# [Description of the task]
Take the listing below and output it exactly, with no images.

# [Supplied data]

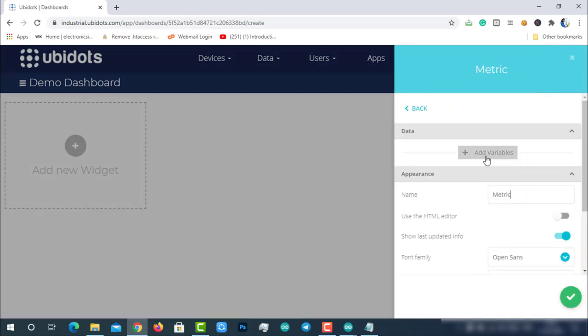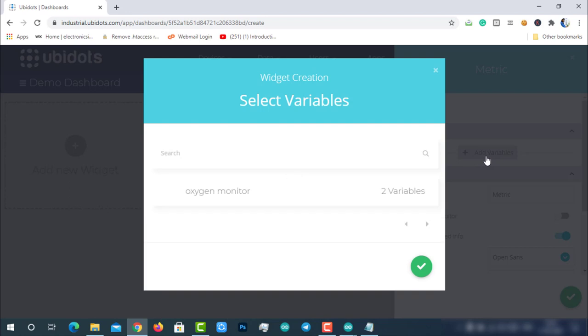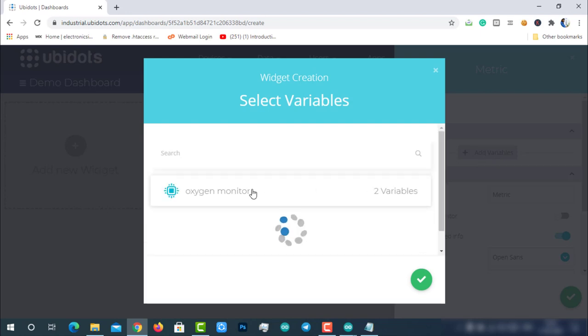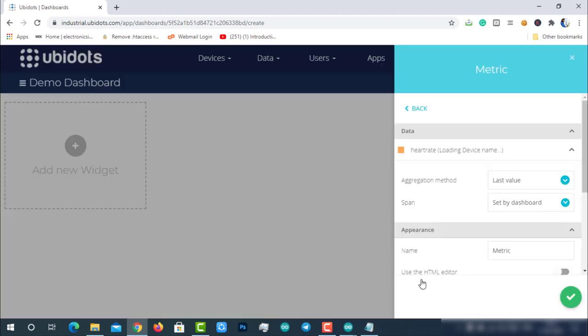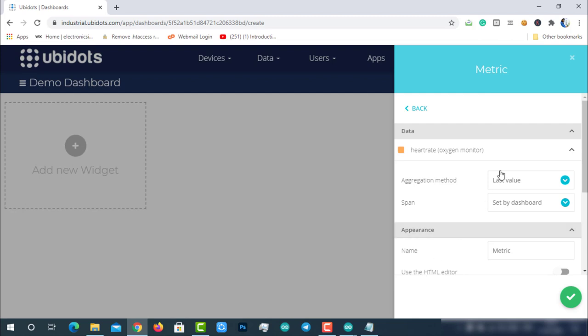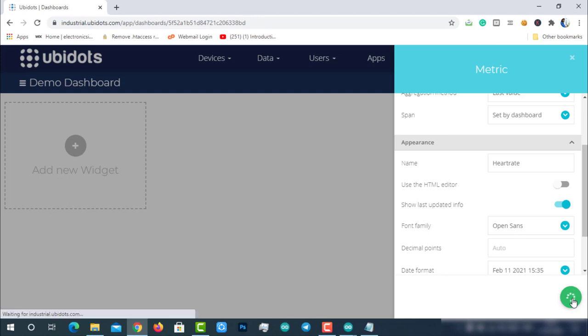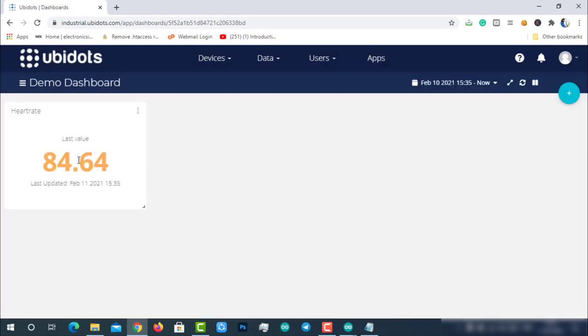I will use a metric to display the heart rate. Click on add variables, then select the device oximeter, and then select the variable heart rate. Add a name for the metric. Keep the rest of the options default, then create it. After creating, you can see the live data on the dashboard.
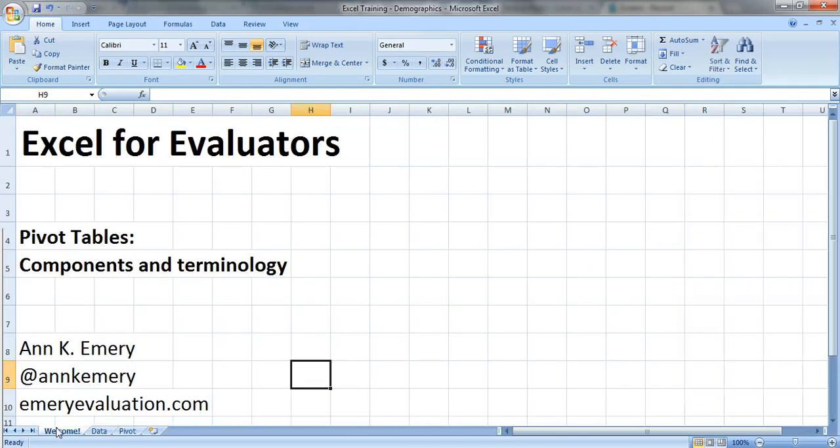So there you have it. Those are the basic components and the basic terms associated with pivot tables. Thank you.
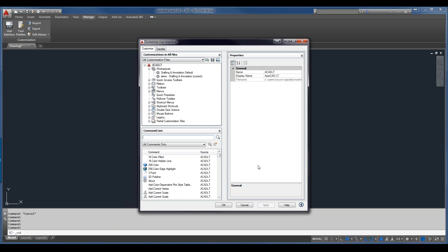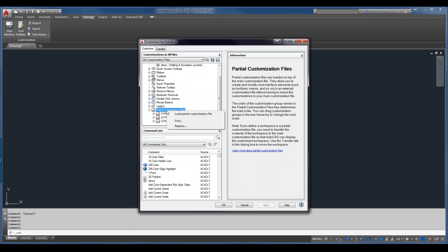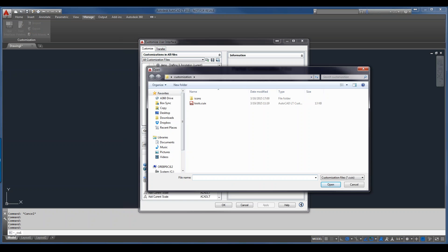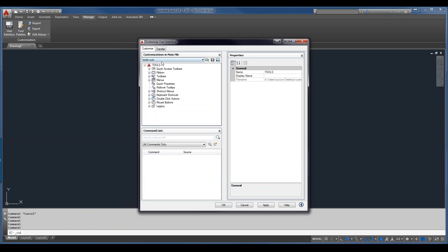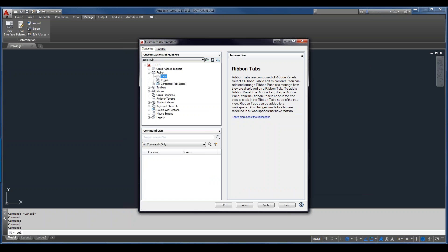The Transfer tab is also useful for transferring from another CUI, old MNS or MNU file, into a current customization file. Now we still need to load this as a partial menu — we've only created it. I right-click over the partial customization files area and select 'Load Partial Customization File'. I double-click on the one I just created and it sets that file current. It's a blank canvas with no commands yet, but we can create toolbars, menus, and more.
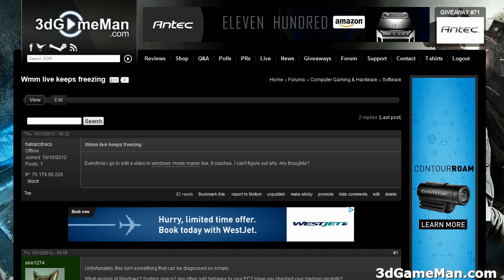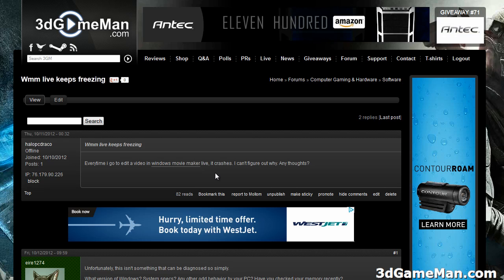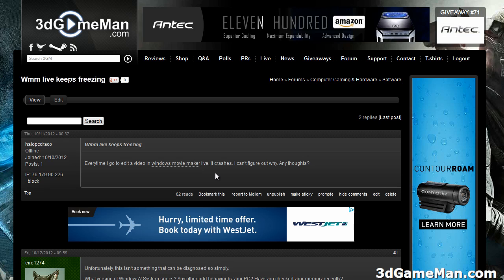Hello again, I'm Anthony Reynolds from 3DGameMan.com, and this next Q&A video is about Windows Movie Maker Live crashing. This person here has a question about it: every time I go to edit a video in WMM Live, it crashes. I can't figure out why.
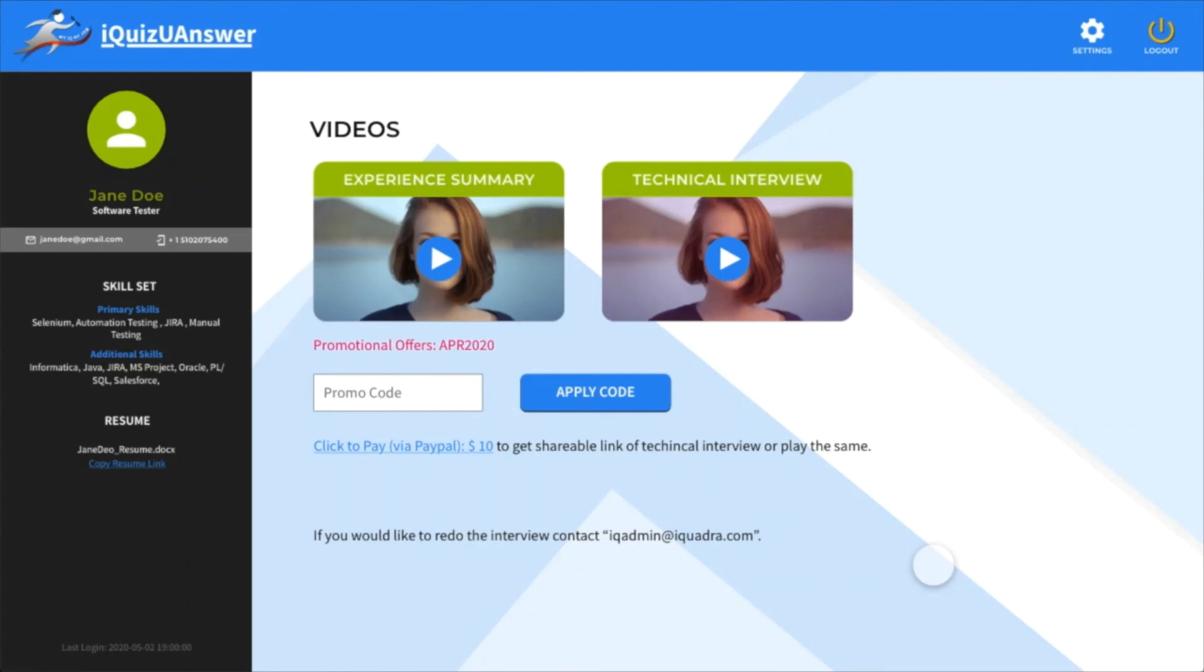A resume with a video interview of yours gives the necessary edge in your job hunt. We at iQuest U-Answer will prove that the job will find you.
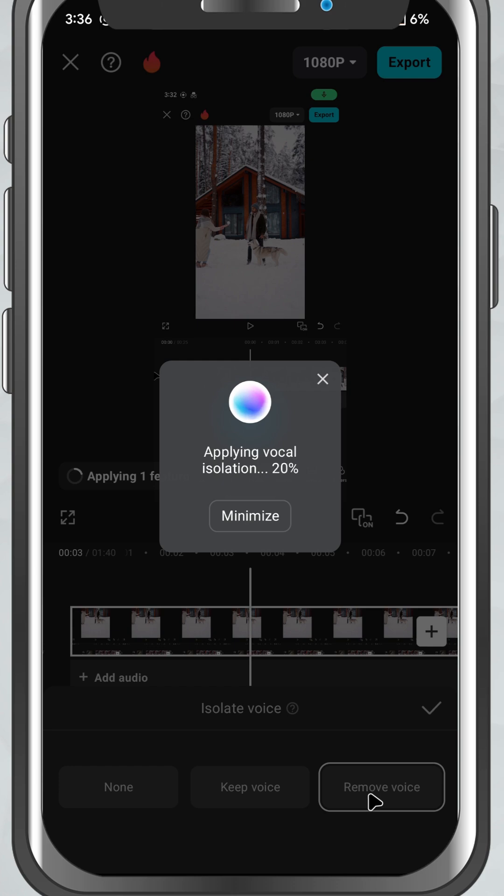And the best part, the effect is applied directly to the clip so you don't have to manage extra layers or do any complicated editing.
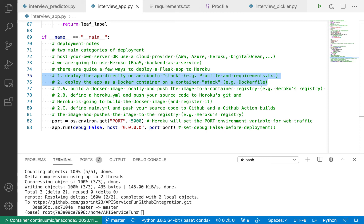Hello everyone, and welcome back. In this video series, I've been showing how to use an API as a client and how to create an API on the server side as a service. In this video, I'm going to continue my most recent video where I was talking about different ways that you could deploy a Flask app, or more generally a web app, to Heroku, which is a backend as a service. The two main ways are highlighted here in my interviewapp.py file I have open in VS Code.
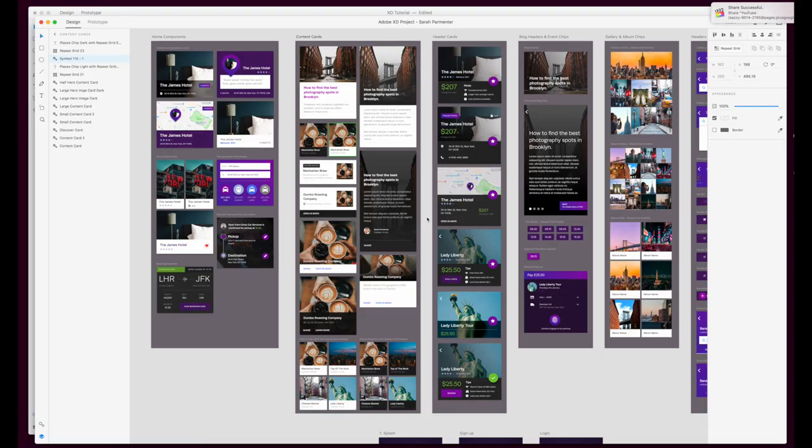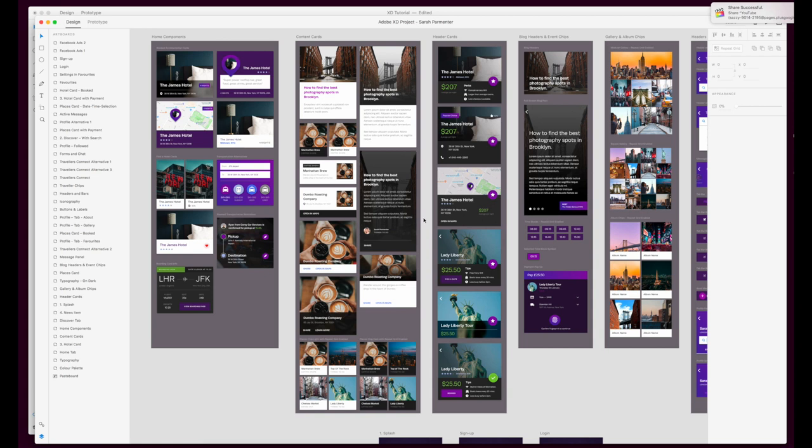When you're doing UI design you normally find there are lots of elements that need repeating and they're very similar to one another but the content might change. So the form factor of them would probably remain the same, the design of them is probably very similar, however the content inside of those elements changes and that is where repeat grid really comes into its own.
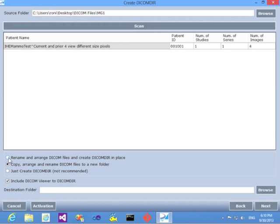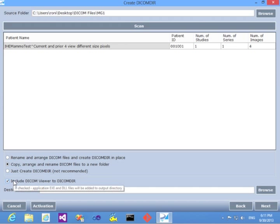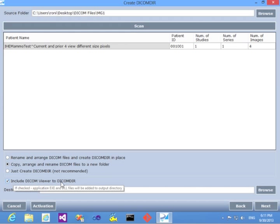I'll use the option of copying the files to a new folder with renaming the files to valid DICOM CD files. And I'll also include the DICOM Viewer, which is the Dicomizer itself, onto this folder.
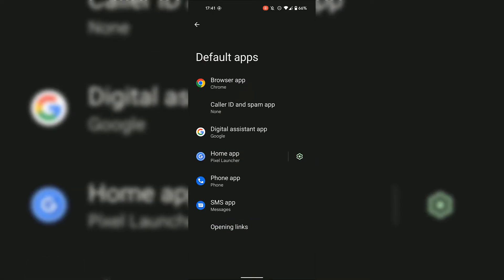In Default Apps, you'll see all the default applications that are currently set on your Android device. At the very top of the default apps list, you can see Browser App, which is currently set as Chrome. Underneath, you can see Caller ID and Spam App, currently set as none. Next is Digital Assistant App, currently set as Google. Home App is the Pixel Launcher. Phone App is Phone. And finally, SMS App is Messages.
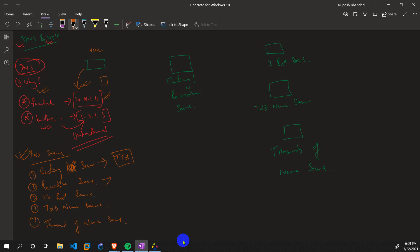A server can be a caching server without being a recursive server, but a recursive server is also a caching server. A recursive server establishes the connection itself. The caching server sends the data to the 13 root servers, which tells which TLD name server has it, which again tells which actual name server has it, and then it sends back the IP address and stores it in cache.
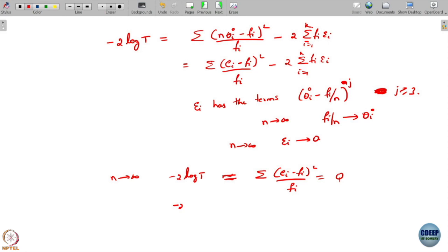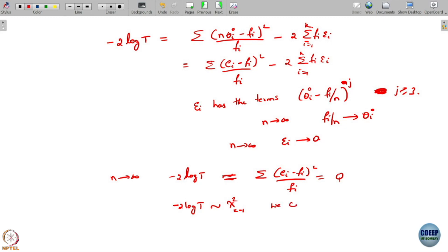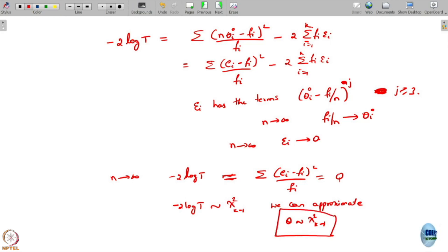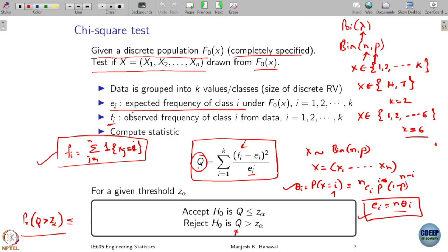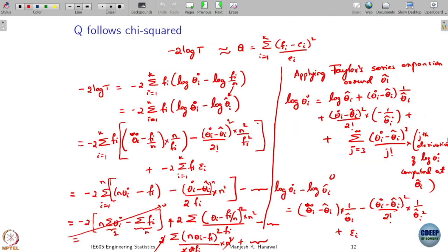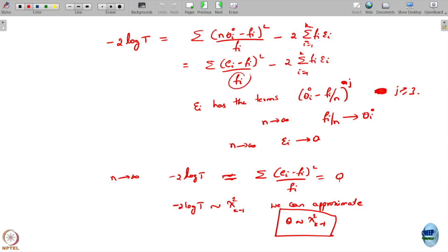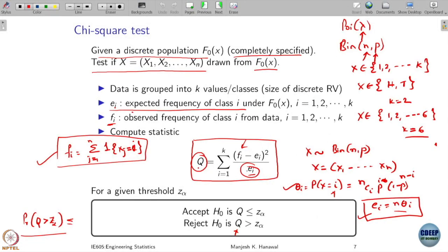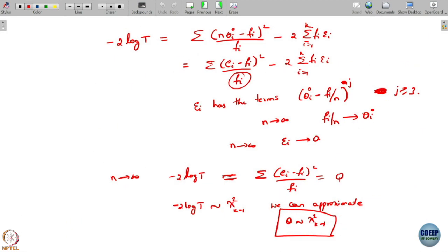Since we already argued that minus 2 log T has a chi-square distribution with k minus 1 degrees of freedom, we can say that Q is also approximately chi-square distributed with k minus 1 degrees of freedom. There is a small discrepancy: our derivation gives fᵢ in the denominator whereas the standard form has eᵢ. Please verify whether the intended Q uses fᵢ or eᵢ in the denominator and check for any calculation mistakes.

# [Solution below]
I will use a metric to display the heart rate. Click on add variables, then select the device oximeter, and then select the variable heart rate. Add a name for the metric. Keep the rest of the options default, then create it. After creating, you can see the live data on the dashboard.
So there you have it. Those are the basic components and the basic terms associated with pivot tables. Thank you.
The Transfer tab is also useful for transferring from another CUI, old MNS or MNU file, into a current customization file. Now we still need to load this as a partial menu — we've only created it. I right-click over the partial customization files area and select 'Load Partial Customization File'. I double-click on the one I just created and it sets that file current. It's a blank canvas with no commands yet, but we can create toolbars, menus, and more.
Hello again, I'm Anthony Reynolds from 3DGameMan.com, and this next Q&A video is about Windows Movie Maker Live crashing. This person here has a question about it: every time I go to edit a video in WMM Live, it crashes. I can't figure out why.
A resume with a video interview of yours gives the necessary edge in your job hunt. We at iQuest U-Answer will prove that the job will find you.
And the best part, the effect is applied directly to the clip so you don't have to manage extra layers or do any complicated editing.
Hello everyone, and welcome back. In this video series, I've been showing how to use an API as a client and how to create an API on the server side as a service. In this video, I'm going to continue my most recent video where I was talking about different ways that you could deploy a Flask app, or more generally a web app, to Heroku, which is a backend as a service. The two main ways are highlighted here in my interviewapp.py file I have open in VS Code.
When you're doing UI design you normally find there are lots of elements that need repeating and they're very similar to one another but the content might change. So the form factor of them would probably remain the same, the design of them is probably very similar, however the content inside of those elements changes and that is where repeat grid really comes into its own.
I'll use the option of copying the files to a new folder with renaming the files to valid DICOM CD files. And I'll also include the DICOM Viewer, which is the Dicomizer itself, onto this folder.
In Default Apps, you'll see all the default applications that are currently set on your Android device. At the very top of the default apps list, you can see Browser App, which is currently set as Chrome. Underneath, you can see Caller ID and Spam App, currently set as none. Next is Digital Assistant App, currently set as Google. Home App is the Pixel Launcher. Phone App is Phone. And finally, SMS App is Messages.
A server can be a caching server without being a recursive server, but a recursive server is also a caching server. A recursive server establishes the connection itself. The caching server sends the data to the 13 root servers, which tells which TLD name server has it, which again tells which actual name server has it, and then it sends back the IP address and stores it in cache.
Since we already argued that minus 2 log T has a chi-square distribution with k minus 1 degrees of freedom, we can say that Q is also approximately chi-square distributed with k minus 1 degrees of freedom. There is a small discrepancy: our derivation gives fᵢ in the denominator whereas the standard form has eᵢ. Please verify whether the intended Q uses fᵢ or eᵢ in the denominator and check for any calculation mistakes.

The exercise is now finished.